The getEnhancementGraph() method needs to return the RDF Graph with
all the RDF statements off all the the content items sent to the
stateful "/store" interface of FISE. This graph is needed for the
implementation of the SPARQL endpoint "/sparql".

Some facts about the current Implementation:
 - Each Content Item is represented by a Node in the JCR Repository.
 - All Content Items share a common parent with the path "/fise".
 - The Content and mimeType are store within the "jcr:data" and the
"jcr:mimeType" properties
 - The metadata (RDF data) are stored as triples.

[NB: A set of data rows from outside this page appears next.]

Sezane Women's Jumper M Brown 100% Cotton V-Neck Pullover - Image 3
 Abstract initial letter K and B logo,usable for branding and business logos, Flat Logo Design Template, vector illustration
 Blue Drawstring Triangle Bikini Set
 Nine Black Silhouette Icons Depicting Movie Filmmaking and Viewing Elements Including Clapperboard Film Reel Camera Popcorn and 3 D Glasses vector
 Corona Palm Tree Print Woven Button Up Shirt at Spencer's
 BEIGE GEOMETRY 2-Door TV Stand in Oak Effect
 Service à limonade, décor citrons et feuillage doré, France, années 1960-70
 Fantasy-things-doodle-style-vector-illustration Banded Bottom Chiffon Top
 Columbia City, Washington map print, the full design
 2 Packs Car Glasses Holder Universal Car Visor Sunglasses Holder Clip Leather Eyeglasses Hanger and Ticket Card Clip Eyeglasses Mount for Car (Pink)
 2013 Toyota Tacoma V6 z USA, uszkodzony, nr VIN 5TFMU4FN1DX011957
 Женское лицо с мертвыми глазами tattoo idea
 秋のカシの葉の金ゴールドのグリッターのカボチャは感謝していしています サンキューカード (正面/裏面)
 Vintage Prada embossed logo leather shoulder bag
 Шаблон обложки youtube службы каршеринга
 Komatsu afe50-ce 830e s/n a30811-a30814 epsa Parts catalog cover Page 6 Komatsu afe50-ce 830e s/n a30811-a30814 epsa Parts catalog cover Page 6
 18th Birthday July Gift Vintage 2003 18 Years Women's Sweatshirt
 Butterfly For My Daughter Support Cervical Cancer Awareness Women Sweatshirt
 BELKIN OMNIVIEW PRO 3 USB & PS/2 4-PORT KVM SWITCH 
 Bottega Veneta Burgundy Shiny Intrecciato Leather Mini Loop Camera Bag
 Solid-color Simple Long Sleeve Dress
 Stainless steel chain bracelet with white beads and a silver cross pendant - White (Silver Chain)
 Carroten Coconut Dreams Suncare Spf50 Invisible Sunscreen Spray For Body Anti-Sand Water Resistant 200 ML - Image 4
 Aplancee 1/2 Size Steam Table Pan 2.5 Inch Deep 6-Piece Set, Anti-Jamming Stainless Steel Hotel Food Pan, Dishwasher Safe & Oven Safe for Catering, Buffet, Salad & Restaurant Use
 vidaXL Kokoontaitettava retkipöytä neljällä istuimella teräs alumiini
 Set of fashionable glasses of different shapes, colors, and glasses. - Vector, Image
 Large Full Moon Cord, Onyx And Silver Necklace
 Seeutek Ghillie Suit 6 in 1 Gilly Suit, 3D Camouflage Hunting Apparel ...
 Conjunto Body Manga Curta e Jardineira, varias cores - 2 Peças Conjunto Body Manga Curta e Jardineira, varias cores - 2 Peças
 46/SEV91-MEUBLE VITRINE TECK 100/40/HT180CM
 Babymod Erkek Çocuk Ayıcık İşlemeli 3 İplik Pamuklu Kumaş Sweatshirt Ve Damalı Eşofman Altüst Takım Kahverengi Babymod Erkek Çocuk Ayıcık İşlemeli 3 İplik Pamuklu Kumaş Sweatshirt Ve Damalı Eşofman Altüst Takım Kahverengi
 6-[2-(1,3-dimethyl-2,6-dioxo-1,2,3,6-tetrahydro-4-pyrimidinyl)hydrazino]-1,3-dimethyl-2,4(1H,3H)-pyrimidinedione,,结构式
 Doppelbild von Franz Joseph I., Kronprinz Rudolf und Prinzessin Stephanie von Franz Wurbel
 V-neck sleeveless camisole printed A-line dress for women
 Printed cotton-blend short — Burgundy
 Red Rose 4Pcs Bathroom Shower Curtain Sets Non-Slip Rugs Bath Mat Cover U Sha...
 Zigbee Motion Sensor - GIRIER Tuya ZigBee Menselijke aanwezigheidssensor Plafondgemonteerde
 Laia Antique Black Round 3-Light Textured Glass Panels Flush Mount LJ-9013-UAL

Each triple is
represented as child node of the content item node with the properties
"subject", "property" and "object"
 - In addition the metadata are also kept in memory (within a
SimpleMGraph instance)
 - The JCRContentItem registers a GraphListener to the in memory
representation and updates the JCR store on any change to the in
memory graph.

Based on this implementation it is not trivial to provide an
implementation of the getEnhancementGraph() method because if would
require to provide a Clerezza Graph instance that contains all Triples
from all content items stored within the JCRStore.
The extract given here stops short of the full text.